Question

The index of refraction of a glass plate is 1.48 at ${\theta _1} = 30^\circ C$ and varies linearly with temperature with a coefficient of $2 \cdot 5 \times {10^{ - 5}}^\circ {C^{ - 1}}$. The coefficient of linear expansion of the glass is $0 \cdot 5 \times {10^{ - 5}}^\circ {C^{ - 1}}$. At $30^\circ C$, the length of the glass plate is 3cm. This plate is placed in front of one the slits in Young’s double-slit temperature increases at a rate of $\dfrac{{5^\circ C}}{{\min .}}$, the light source has wavelength $\lambda = 589nm$ and the glass plate initially is at $\theta = 30^\circ C$. The number of fringes that shift on the screen in each minute is nearly (use approximately):
A) $1$
B) $11$
C) $110$
D) $1 \cdot 1 \times {10^3}$.

Answer 1

Hint: The path difference is the difference between the path of the actual and final wave after getting pass from the slab.

Formula used:
The formula of the path difference is given by,
$ \Rightarrow P \cdot D = \mu - {\mu _o}{t_o} = n{\lambda _o}$
Where the path difference is P.D, the refractive index is $\mu $ and ${\mu _o}$ at different points of time, the number of fringes is n and the wavelength is${\lambda _o}$.

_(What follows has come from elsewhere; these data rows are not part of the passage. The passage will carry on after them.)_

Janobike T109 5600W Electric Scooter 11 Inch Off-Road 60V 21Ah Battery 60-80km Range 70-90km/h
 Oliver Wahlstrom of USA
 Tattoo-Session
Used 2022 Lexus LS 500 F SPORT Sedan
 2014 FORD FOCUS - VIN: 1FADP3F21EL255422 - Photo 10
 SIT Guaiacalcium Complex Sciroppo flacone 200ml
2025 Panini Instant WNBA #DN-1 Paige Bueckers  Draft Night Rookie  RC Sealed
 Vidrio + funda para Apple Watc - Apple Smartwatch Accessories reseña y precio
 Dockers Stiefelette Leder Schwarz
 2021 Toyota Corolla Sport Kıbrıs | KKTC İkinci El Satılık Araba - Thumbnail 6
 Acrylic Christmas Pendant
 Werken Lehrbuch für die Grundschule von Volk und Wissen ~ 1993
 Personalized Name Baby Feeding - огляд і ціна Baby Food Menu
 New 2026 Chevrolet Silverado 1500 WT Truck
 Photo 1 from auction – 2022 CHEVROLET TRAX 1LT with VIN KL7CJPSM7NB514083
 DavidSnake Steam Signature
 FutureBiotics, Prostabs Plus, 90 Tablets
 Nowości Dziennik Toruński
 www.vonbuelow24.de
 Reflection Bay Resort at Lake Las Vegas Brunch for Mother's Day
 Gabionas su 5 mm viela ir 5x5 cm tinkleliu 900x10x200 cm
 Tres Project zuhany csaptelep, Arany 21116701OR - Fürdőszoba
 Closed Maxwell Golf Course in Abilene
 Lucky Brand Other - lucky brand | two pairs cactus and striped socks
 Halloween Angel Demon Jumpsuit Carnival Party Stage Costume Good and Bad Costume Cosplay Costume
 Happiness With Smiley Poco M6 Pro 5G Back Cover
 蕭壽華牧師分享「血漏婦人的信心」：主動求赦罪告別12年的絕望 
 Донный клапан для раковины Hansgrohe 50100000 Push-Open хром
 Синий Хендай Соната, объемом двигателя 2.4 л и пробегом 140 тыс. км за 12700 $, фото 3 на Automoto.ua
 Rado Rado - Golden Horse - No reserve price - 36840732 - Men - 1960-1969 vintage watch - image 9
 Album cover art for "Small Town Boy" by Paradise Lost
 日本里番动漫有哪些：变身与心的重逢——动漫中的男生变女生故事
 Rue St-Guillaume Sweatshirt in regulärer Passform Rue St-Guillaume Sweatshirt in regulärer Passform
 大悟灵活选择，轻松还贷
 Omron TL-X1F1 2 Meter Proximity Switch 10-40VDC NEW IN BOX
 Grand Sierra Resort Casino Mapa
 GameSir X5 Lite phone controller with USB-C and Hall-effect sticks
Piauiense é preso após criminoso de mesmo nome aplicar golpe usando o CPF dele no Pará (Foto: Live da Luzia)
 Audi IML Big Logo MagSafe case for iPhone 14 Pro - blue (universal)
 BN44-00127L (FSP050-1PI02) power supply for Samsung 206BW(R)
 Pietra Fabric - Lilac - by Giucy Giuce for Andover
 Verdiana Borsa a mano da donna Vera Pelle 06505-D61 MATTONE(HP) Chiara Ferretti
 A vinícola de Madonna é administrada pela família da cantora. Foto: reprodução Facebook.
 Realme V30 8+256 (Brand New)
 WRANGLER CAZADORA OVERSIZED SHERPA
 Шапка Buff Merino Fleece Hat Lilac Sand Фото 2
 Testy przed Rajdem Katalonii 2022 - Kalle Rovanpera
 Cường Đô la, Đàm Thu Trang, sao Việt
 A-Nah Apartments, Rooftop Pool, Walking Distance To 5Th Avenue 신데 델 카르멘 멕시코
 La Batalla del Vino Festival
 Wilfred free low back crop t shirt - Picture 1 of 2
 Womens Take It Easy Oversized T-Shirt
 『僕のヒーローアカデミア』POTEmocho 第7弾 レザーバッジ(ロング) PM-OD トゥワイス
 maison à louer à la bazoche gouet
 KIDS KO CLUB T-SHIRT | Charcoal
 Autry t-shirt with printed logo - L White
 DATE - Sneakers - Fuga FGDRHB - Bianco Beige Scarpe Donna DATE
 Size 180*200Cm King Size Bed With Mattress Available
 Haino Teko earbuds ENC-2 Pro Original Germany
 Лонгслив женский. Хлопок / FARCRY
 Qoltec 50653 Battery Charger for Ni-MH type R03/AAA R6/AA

Complete step by step solution:
It is given in the problem that the index of refraction of a glass plate is 1.48 at ${\theta _1} = 30^\circ C$ and varies linearly with temperature with a coefficient of $2 \cdot 5 \times {10^{ - 5}}^\circ {C^{ - 1}}$, the coefficient of linear expansion of the glass is $0 \cdot 5 \times {10^{ - 5}}^\circ {C^{ - 1}}$ at $30^\circ C$, the length of the glass plate is 3cm the plate is placed in front of one the slits in Young’s double-slit temperature increases at a rate of $\dfrac{{5^\circ C}}{{\min .}}$, the light source has wavelength $\lambda = 589nm$ and the glass plate initially is at $\theta = 30^\circ C$ then we need to find the number of fringes shit on the screen in each minute.
The path difference is given by,
$ \Rightarrow P \cdot D = \mu - {\mu _o}{t_o} = n{\lambda _o}$
Where the path difference is P.D, the refractive index is $\mu $ and ${\mu _o}$ at different points of time, the number of fringes is n and the wavelength is${\lambda _o}$.
Also the refractive index can be written as,
$ \Rightarrow \mu = {\mu _o}\left( {1 + \alpha \theta } \right){t_o}\left( {1 + \beta \theta } \right)$
Therefore we get,
$n\lambda = {t_o}\left[ {\mu \left( {\alpha \theta + \beta \theta + \alpha \beta {\theta ^2}} \right) - \alpha \theta } \right]$
$ \Rightarrow n = \dfrac{{{t_o}\left[ {\mu \left( {\alpha \theta + \beta \theta + \alpha \beta {\theta ^2}} \right) - \alpha \theta } \right]}}{\lambda }$
$ \Rightarrow n = \dfrac{{{\mu _o}{t_o}\left( {\alpha + \beta } \right)\theta }}{{{\lambda _o}}}$
As the given values are ${\mu _o} = 1 \cdot 48$, ${t_o} = 3 \times {10^{ - 2}}m$, $\alpha = 2 \cdot 5 \times {10^{ - 5}}^\circ {C^{ - 1}}$, $\beta = 0 \cdot 5 \times {10^{ - 5}}^\circ {C^{ - 1}}$, $\theta = 5^\circ C\min {.^{ - 1}}$ and the wavelength is equal to ${\lambda _o} = 589 \times {10^{ - 9}}m$. Putting these values in the above relation we get,
$ \Rightarrow n = \dfrac{{{\mu _o}{t_o}\left( {\alpha + \beta } \right)\theta }}{{{\lambda _o}}}$
$ \Rightarrow n = \dfrac{{1 \cdot 48 \times 3 \times {{10}^{ - 2}}\left( {2 \cdot 5 \times {{10}^{ - 5}} + 0 \cdot 5 \times {{10}^{ - 5}}} \right) \times 5}}{{589 \times {{10}^{ - 9}}}}$
$ \Rightarrow n = \dfrac{{1 \cdot 48 \times 3 \times {{10}^{ - 2}}\left( {2 \cdot 5 \times {{10}^{ - 5}} + 0 \cdot 5 \times {{10}^{ - 5}}} \right) \times 5}}{{589 \times {{10}^{ - 9}}}}$
$ \Rightarrow n = \dfrac{{1 \cdot 48 \times 3 \times {{10}^{ - 2}} \times 3 \times {{10}^{ - 5}} \times 5}}{{589 \times {{10}^{ - 9}}}}$
$ \Rightarrow n = \dfrac{{66 \cdot 6 \times {{10}^{ - 7}}}}{{589 \times {{10}^{ - 9}}}}$
$ \Rightarrow n = \dfrac{{66 \cdot 6 \times {{10}^2}}}{{589}}$
$ \Rightarrow n = \dfrac{{6660}}{{589}}$
$ \Rightarrow n = 11 \cdot 3$
$ \Rightarrow n \approx 11$.
The number of fringes that shift on the screen in each minute is equal $n = 11$.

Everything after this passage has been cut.